• _Instructions for the task_:
Return the lines below that contain the word "Pool".

*** Opening Extracted data ***

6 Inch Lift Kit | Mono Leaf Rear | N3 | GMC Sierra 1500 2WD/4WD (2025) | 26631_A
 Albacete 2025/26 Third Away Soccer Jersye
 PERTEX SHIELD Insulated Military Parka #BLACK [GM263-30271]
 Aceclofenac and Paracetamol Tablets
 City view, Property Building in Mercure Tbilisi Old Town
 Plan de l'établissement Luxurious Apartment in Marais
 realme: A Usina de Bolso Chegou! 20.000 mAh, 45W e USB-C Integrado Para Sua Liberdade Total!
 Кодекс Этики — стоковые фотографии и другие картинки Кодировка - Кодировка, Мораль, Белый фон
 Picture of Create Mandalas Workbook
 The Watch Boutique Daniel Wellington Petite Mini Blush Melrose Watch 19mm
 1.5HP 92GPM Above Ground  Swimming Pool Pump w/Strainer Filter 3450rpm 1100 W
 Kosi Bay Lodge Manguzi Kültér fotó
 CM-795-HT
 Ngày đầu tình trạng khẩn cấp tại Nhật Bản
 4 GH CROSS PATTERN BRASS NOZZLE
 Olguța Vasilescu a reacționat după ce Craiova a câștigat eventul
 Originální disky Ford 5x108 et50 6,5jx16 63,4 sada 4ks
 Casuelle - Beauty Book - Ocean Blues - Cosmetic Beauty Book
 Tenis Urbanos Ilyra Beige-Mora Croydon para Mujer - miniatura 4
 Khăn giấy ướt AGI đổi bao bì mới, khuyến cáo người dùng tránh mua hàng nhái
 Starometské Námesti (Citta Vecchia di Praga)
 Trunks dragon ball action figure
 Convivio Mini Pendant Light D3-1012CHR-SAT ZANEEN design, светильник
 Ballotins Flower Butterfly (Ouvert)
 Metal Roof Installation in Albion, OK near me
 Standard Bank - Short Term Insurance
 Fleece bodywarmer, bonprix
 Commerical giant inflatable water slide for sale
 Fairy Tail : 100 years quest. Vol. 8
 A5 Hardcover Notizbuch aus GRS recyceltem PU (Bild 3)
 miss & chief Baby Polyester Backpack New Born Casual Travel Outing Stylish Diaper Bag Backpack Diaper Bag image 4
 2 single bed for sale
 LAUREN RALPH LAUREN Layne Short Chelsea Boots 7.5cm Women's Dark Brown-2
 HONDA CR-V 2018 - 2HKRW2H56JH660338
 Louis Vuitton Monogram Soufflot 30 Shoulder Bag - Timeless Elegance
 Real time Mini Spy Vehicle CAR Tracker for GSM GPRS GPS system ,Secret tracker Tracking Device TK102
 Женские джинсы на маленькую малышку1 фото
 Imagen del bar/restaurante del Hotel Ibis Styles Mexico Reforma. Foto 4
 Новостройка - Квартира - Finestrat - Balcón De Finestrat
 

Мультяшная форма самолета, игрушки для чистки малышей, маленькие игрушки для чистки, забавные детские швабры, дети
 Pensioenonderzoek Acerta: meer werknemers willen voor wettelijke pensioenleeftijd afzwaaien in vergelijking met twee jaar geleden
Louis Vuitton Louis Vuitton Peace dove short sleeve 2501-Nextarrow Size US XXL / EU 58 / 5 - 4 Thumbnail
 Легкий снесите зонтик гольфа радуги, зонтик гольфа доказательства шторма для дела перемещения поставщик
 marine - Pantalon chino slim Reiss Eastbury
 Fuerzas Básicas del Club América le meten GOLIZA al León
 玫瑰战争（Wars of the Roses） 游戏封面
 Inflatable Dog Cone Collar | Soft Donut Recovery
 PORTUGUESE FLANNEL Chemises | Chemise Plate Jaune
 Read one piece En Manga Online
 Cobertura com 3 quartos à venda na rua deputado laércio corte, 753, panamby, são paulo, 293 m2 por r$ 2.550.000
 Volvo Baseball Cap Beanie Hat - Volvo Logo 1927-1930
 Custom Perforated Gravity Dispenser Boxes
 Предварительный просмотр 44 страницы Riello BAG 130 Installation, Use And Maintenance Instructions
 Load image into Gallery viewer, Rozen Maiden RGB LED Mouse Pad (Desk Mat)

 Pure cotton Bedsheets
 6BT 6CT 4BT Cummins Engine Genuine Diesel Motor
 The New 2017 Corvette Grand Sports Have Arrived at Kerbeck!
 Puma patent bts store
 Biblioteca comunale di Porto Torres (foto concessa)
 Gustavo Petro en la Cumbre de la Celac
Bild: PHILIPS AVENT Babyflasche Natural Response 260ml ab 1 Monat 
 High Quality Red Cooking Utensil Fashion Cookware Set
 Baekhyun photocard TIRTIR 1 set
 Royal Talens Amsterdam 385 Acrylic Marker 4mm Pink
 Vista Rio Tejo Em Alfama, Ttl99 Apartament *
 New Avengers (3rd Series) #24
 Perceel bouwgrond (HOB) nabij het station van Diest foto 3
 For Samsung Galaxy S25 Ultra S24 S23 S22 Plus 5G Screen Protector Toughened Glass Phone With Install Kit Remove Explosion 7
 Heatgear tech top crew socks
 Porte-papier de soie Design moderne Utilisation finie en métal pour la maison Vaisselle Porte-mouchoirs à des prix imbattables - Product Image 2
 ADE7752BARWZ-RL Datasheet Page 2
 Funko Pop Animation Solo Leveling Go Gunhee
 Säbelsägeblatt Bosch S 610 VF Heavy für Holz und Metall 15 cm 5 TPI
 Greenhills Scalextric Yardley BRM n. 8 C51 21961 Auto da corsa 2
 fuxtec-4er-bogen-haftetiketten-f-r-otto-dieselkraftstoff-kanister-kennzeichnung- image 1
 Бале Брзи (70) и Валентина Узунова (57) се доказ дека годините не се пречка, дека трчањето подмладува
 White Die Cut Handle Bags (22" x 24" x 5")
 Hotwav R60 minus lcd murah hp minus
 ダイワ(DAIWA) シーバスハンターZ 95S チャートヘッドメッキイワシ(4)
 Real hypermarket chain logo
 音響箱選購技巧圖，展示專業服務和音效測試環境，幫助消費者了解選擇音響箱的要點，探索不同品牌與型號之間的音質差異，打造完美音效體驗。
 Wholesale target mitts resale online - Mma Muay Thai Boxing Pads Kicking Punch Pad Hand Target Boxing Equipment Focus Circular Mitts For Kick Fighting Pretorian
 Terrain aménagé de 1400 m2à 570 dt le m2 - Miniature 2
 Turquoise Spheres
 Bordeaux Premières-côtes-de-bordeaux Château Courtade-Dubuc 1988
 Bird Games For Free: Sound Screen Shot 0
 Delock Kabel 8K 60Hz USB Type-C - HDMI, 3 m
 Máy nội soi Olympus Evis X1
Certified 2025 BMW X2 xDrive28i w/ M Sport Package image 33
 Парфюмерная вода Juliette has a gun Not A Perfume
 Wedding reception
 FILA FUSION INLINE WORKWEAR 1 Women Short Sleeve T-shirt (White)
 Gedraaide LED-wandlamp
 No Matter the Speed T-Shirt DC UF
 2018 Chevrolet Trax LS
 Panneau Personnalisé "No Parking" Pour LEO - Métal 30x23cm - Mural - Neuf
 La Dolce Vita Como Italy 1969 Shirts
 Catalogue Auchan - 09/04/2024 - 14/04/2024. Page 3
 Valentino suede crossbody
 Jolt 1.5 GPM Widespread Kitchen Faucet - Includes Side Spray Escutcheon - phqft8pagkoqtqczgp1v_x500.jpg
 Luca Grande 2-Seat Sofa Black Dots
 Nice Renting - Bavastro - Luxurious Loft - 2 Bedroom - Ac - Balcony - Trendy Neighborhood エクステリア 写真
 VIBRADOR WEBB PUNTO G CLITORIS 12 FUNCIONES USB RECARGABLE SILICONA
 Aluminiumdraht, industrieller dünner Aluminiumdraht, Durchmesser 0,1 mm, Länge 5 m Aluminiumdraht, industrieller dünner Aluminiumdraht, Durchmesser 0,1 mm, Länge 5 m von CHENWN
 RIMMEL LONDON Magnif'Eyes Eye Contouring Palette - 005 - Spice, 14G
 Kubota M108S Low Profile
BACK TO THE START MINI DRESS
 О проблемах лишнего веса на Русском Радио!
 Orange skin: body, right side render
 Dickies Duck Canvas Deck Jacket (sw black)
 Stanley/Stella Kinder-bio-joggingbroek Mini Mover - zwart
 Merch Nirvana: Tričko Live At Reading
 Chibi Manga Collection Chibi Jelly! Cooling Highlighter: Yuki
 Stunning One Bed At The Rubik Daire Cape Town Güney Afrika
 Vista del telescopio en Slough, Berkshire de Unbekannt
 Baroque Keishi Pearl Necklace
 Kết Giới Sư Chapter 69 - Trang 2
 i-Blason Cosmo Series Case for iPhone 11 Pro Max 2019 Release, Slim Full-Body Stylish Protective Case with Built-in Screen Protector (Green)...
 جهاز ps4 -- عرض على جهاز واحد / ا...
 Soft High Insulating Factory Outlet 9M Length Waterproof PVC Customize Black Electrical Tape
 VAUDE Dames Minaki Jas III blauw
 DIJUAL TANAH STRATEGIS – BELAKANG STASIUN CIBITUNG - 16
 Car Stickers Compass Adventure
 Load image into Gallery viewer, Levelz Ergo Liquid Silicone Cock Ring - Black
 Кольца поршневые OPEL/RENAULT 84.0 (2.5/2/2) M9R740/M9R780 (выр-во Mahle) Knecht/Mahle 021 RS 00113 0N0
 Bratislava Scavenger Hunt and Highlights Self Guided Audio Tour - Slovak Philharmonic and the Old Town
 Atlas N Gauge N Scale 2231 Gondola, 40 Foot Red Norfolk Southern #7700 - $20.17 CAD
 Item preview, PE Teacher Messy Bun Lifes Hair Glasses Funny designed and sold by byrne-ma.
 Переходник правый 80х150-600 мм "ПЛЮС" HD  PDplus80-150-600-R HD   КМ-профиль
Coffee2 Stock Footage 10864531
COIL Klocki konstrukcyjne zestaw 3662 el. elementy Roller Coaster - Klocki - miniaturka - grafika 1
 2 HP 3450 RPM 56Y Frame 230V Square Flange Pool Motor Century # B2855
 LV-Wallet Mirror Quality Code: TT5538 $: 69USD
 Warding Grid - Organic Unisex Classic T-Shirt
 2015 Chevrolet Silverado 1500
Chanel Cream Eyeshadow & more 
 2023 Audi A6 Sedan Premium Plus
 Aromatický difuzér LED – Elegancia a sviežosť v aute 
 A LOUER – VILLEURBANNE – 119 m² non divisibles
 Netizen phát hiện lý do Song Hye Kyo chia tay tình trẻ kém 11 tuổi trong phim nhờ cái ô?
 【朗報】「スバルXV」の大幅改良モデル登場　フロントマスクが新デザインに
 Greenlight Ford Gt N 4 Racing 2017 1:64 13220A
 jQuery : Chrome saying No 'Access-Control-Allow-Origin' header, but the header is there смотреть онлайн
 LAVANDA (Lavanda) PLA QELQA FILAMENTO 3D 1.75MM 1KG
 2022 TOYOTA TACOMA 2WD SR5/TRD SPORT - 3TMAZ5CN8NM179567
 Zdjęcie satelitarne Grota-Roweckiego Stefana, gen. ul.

*** Closing Extracted data ***

• _Exercise result_:
 1.5HP 92GPM Above Ground  Swimming Pool Pump w/Strainer Filter 3450rpm 1100 W
 2 HP 3450 RPM 56Y Frame 230V Square Flange Pool Motor Century # B2855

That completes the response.